Fitzmaurice: Mayo ahead of Dublin in physicality stakes
Published 20/08/2014 | 02:30
The difference between the Mayo team he is planning for now as Kerry manager and the Mayo team he faced as a player a decade ago?
Eamonn Fitzmaurice cuts straight to the chase.
Recent pre and post engagement between rival managers hasn't prompted him to mind his step in any way.
"Mayo are a way more physical. That has been the hallmark of James Horan since he came in," noted Fitzmaurice.
There is no agenda to what Fitzmaurice is saying, no hidden meaning. It's an observation about Mayo that now jumps off the page about them without pause or hesitation.
The former All-Ireland winning half-back, known for pragmatic more than dramatic assessments, views them as superior to even Dublin in that one critical aspect of the game.
"In terms of their conditioning, they are probably the premier team in the country. Dublin are obviously at a serious level as well.
"But Mayo took it there first and other teams had to react. We certainly had to in Kerry," reflected Fitzmaurice.
"There is a ferocious togetherness in the group. They showed a lot of character against Roscommon and that was a game that they could have easily folded up the tent, gone home and been beaten in.
"But they showed a lot of character to come back and win that game.
"They have a lot of the hallmark of champions about them and have been very, very close the last couple of years.
"In neither game did they get any breaks that you need to win an All-Ireland final, particularly a tight All-Ireland final.

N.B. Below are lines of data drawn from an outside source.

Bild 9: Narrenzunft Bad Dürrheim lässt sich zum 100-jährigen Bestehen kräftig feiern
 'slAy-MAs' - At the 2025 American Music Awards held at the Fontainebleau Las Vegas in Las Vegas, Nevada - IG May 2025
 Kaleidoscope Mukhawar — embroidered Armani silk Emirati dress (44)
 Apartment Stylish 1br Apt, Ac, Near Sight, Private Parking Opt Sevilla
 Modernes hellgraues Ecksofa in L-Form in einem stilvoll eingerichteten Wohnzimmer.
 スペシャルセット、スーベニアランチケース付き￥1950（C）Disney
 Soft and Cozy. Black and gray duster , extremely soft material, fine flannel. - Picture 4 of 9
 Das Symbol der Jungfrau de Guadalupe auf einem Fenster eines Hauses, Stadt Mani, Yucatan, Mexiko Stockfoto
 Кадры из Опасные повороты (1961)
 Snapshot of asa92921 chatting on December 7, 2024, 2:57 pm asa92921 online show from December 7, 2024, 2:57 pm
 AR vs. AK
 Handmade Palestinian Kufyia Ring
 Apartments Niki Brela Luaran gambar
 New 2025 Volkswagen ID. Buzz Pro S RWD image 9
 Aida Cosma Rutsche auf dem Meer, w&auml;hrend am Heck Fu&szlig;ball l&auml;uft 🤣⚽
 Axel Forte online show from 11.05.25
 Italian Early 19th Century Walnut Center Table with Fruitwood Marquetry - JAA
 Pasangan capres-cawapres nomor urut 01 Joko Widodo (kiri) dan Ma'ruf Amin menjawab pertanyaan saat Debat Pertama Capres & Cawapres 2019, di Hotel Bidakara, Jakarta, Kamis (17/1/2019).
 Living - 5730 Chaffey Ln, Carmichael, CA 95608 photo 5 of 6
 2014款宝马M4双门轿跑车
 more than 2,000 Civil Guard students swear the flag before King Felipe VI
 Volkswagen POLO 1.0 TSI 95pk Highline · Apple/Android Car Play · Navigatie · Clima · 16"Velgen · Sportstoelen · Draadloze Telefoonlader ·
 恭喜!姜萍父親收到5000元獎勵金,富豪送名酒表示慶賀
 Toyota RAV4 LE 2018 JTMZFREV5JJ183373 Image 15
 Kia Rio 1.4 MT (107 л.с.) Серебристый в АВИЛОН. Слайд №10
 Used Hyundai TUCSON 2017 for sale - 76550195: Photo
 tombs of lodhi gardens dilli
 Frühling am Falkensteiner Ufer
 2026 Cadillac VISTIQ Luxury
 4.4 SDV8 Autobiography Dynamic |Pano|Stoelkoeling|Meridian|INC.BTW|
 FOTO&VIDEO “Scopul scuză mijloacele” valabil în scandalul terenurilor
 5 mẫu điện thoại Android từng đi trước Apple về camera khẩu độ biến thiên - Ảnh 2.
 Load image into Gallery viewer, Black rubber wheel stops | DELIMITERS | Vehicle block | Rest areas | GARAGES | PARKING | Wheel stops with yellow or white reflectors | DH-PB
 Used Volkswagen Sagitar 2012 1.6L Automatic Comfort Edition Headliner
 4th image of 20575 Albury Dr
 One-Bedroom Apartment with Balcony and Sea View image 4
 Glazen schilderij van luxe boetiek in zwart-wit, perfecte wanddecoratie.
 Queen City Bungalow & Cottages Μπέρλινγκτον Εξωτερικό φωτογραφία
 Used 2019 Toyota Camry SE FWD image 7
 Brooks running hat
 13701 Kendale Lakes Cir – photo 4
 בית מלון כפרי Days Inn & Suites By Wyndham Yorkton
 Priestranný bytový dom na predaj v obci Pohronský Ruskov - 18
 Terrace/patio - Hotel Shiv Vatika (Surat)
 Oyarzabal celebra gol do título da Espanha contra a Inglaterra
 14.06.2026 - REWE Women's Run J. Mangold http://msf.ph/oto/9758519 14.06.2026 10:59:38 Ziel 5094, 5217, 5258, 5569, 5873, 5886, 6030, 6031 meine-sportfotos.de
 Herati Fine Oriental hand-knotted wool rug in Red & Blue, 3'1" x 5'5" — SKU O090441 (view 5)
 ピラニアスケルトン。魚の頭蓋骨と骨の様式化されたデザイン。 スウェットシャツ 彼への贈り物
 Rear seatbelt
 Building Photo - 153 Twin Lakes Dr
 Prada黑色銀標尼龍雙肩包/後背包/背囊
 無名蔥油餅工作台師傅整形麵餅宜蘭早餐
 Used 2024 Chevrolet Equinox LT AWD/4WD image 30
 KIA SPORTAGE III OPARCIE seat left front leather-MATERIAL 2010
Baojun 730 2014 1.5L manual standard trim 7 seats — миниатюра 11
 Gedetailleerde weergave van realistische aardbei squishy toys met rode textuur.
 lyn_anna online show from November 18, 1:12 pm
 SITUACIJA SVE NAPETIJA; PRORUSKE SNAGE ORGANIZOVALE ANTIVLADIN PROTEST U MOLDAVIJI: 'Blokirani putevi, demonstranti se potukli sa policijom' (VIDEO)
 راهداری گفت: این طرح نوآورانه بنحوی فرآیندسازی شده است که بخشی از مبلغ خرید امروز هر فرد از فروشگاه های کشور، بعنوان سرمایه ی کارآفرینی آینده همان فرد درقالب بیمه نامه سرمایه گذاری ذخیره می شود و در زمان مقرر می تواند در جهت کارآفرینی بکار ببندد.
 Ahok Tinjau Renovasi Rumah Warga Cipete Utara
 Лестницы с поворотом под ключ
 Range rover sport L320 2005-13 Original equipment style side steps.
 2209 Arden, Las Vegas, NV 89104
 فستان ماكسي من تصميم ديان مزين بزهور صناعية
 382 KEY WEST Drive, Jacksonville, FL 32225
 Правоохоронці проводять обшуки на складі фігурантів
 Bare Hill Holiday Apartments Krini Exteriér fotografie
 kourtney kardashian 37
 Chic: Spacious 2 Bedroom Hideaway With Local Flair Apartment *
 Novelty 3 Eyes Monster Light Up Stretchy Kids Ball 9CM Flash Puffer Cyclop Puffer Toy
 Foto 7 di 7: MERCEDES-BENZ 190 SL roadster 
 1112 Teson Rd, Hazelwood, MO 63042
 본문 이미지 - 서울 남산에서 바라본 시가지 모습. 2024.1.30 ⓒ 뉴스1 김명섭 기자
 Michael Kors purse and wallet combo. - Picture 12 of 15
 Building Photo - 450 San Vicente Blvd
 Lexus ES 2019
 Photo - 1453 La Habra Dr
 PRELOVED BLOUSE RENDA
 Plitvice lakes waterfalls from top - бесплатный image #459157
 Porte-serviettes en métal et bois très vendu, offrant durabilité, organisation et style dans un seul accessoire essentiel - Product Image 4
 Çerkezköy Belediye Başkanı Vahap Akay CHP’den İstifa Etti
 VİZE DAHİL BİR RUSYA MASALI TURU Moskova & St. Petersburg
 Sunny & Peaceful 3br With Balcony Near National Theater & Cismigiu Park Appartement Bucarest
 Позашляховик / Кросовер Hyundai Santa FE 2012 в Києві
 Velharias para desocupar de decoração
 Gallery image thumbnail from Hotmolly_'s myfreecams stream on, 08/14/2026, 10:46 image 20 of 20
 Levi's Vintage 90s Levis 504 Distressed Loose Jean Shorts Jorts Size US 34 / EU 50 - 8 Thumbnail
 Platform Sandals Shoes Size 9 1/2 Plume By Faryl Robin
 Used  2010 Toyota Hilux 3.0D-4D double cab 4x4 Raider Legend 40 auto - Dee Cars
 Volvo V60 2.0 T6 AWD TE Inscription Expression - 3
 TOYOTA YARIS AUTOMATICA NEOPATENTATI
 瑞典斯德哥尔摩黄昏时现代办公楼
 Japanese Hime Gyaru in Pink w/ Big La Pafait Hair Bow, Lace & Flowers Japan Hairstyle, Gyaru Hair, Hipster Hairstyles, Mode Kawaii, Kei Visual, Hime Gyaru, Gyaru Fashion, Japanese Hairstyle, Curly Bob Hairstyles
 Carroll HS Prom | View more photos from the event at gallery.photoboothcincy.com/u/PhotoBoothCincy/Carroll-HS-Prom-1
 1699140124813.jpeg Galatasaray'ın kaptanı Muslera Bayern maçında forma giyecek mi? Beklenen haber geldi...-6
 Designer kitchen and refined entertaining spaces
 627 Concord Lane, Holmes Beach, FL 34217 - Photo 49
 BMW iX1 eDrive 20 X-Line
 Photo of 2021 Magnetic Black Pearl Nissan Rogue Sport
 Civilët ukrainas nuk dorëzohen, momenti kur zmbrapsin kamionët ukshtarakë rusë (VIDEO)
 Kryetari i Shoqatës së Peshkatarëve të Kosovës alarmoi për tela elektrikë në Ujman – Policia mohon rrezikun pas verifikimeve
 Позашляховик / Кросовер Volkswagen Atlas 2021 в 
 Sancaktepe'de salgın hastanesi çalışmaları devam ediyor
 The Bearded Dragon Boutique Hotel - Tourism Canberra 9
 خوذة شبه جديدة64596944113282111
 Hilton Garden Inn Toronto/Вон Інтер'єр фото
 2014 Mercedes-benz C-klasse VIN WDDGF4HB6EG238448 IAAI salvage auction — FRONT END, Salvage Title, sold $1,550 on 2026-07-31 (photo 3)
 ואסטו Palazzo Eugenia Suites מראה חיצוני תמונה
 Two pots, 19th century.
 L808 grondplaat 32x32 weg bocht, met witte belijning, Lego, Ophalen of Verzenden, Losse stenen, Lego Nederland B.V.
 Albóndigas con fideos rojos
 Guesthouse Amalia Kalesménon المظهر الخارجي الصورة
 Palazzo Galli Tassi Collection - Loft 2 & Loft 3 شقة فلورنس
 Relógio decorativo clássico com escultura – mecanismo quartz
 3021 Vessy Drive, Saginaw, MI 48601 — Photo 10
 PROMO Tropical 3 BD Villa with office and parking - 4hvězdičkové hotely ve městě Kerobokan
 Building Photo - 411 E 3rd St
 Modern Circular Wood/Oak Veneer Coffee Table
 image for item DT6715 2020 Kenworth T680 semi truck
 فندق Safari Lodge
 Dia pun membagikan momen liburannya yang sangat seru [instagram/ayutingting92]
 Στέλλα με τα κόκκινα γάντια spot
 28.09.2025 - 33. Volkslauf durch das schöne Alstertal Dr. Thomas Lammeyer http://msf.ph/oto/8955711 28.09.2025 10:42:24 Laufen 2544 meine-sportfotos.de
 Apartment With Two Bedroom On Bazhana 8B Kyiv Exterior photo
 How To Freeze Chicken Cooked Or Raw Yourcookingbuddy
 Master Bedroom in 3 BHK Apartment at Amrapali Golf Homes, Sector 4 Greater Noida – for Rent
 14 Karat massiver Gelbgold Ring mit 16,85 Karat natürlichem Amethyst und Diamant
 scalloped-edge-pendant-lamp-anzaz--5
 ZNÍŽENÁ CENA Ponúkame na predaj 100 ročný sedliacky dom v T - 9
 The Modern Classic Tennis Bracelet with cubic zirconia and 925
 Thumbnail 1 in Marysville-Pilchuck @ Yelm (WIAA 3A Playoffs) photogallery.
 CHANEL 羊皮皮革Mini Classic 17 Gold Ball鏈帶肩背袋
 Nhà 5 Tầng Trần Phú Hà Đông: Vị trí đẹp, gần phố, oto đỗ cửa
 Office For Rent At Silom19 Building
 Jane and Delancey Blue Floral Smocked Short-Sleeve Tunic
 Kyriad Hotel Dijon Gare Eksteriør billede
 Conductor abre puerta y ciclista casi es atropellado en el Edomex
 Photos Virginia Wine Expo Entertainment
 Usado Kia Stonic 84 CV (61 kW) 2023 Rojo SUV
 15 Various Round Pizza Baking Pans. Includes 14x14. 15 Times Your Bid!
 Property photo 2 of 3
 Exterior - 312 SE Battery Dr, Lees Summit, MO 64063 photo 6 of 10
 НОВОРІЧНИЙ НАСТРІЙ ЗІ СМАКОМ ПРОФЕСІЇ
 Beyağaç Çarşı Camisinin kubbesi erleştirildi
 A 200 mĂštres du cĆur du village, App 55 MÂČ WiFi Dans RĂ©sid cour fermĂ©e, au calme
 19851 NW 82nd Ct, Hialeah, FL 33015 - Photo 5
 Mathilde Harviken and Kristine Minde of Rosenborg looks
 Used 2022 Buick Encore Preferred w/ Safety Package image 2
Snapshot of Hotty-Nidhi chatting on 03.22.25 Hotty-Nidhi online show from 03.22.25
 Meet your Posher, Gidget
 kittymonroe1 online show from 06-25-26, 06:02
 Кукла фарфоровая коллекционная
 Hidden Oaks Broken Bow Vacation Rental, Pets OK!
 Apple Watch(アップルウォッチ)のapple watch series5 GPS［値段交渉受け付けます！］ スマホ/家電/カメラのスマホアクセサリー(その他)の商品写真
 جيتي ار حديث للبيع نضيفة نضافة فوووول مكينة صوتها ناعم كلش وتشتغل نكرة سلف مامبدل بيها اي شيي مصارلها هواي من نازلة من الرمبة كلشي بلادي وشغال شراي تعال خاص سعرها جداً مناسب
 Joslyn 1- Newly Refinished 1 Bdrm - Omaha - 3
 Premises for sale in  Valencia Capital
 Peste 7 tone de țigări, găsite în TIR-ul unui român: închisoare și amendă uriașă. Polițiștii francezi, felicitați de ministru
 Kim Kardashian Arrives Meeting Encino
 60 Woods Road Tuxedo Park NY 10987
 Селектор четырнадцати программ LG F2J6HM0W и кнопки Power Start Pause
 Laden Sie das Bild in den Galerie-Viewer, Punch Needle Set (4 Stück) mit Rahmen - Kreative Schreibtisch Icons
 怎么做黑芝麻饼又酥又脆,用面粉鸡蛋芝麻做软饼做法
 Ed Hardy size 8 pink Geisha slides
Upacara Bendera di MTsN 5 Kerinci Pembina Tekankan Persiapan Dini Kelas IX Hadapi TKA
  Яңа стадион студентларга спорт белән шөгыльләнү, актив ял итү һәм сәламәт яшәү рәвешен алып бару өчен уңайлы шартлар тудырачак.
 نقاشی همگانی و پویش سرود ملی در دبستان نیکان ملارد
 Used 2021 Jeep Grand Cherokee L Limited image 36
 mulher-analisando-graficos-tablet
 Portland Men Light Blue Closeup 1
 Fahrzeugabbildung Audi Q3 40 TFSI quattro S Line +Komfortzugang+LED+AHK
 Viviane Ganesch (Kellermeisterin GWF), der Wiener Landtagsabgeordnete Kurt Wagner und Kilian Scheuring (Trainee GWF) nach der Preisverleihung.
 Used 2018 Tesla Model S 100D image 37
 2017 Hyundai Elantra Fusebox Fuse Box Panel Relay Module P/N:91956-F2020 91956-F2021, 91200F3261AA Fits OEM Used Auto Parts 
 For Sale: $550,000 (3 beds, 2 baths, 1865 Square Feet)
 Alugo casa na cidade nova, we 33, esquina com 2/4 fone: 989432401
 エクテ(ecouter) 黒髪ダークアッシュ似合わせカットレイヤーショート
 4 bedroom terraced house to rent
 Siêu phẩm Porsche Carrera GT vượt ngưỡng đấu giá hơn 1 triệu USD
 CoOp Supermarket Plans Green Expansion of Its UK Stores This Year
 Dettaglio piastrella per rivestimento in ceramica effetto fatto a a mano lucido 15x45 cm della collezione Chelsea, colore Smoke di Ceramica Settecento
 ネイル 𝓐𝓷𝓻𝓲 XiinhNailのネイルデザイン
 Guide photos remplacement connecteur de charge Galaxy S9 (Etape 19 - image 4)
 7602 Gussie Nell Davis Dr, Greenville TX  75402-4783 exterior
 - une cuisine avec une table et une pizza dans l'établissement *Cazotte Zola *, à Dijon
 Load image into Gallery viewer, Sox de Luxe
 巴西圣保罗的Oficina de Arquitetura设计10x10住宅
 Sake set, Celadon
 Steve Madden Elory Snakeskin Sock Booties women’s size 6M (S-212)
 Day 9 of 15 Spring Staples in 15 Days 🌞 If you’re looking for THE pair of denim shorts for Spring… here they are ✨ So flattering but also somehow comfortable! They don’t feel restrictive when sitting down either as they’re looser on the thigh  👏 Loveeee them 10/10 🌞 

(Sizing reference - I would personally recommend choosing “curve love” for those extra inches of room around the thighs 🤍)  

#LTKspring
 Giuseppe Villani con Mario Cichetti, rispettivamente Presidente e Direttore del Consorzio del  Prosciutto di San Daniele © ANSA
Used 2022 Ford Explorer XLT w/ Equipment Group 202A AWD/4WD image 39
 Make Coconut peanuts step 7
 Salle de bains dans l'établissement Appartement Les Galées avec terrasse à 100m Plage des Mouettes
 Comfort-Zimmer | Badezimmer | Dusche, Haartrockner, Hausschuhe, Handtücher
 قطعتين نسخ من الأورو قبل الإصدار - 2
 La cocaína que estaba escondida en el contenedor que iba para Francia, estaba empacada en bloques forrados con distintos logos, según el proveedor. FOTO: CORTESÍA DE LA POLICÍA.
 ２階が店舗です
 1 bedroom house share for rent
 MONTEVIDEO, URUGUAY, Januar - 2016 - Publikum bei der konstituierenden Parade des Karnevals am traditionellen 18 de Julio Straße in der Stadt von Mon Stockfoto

"So they are a serious, serious group. They have an edge about them and if we are going to beat them, we will have to be at our best."
Fitzmaurice is conscious of how easily Galway were able to break the Kerry line the last day, with Shane Walsh, Michael Lundy and Thomas Flynn all doing damage.
It is a matter that has been given urgent priority.
"We were disappointed with the Flynn's goal of course. The backs were disappointed with it but we have addressed it in the meantime," he said.
"Mayo have some serious line breakers who can come through the middle, the likes of Lee Keegan, Donal Vaughan, Aidan O'Shea and Keith Higgins.
"On the day against Galway it was not good enough certainly and it is an area we will have to improve on."
Fitzmaurice feels there has been no dip in expectancy for the team around Kerry despite the raft of high-profile retirements and injuries.
"There is still the same expectancy in Kerry. I don't think it is that much of a factor," he said. "Maybe every game we are playing we are fancied to be beaten in, so that might be a liberating thing.
"But it is not something we use or not something we talk about. I suppose there isn't any huge pressure on us externally.
"Some of the lads have learned the hard way, that if you don't back yourself when you get a chance, you can be a long time waiting for another chance to come around.
"So I think a lot of them are in a position now where they know it is a time to really grab it. While it is a young team, a lot of them in the 23-25 age bracket, it's not as if they are 19 or 20-year-olds.
"They've had experience where they have been given try-outs before and it hasn't quite worked out for them.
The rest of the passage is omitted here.